There are certain promises that are not considered consideration.

· As a business owner or stakeholder, how can you ensure that your contracts are enforceable?

· Think back to the Lambert v. Barron case What should Lambert have done differently?

· Lambert and Barron’s Case

· Question 1: Facts that Support the Position of Lambert that a Contract Existed

· Barron and Lambert had a meeting in Farmerville, and there was a verbal contract. According to the contract, Lambert will provide consulting services to Barron to overcome issues of this contract. The amount that Lambert was to be paid was $3100 monthly for one year (Beringer, 1999). After reviewing the details of the five pending projects, Lambert assisted DMB Inc. to start the arbitration process. He was sent all the relevant documents regarding DMB Inc.’s contract. In December 1999, Barron made a payment of $3100 to Lambert. Lambert had the evidence relating to the bills, and he sent a letter to Barron on the 30th October, 2000 (Beringer, 1999). It was about the payment of the rest of the money for the contract.

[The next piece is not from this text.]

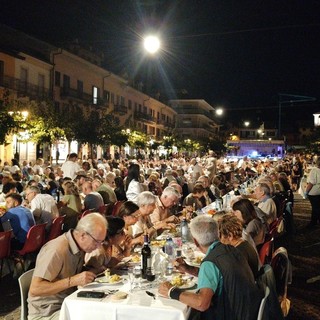500 persone alla Cena del Ricetto: l’applauso più bello per i 120 volontari 500 persone alla Cena del Ricetto: l’applauso più bello per i 120 volontari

· Question 2: Facts that Support Barron’s Position that no Contract Existed

· Barron received the letter from Lambert, and he wrote back. He stated that he was surprised since he had no such contract with Lambert. He said that he only paid £3100 to Lambert since he once reviewed their contract agreement (Beringer, 1999). Additionally, he said that he considered the efforts that Lambert made to travel to Farmerville. It was despite the fact that he organized Lambert’s flights during the round trip. From that time, Barron never contacted Lambert, though he returned some calls.

· Question 3: Whether I agree with the Case’s Outcome

· I agree with the court’s outcome that there was no contract. There was no evidence that the two parties had a mutual agreement on a one year contract. It was alleged that an agreement took place in December 1998, but the first payment to Lambert occurred in December 1999. He then wrote a letter to Barron in October 2000. Hence, he was not expecting a monthly payment from Barron. The court’s arguments look valid and logical. It is hard to believe Lambert’s arguments in this case.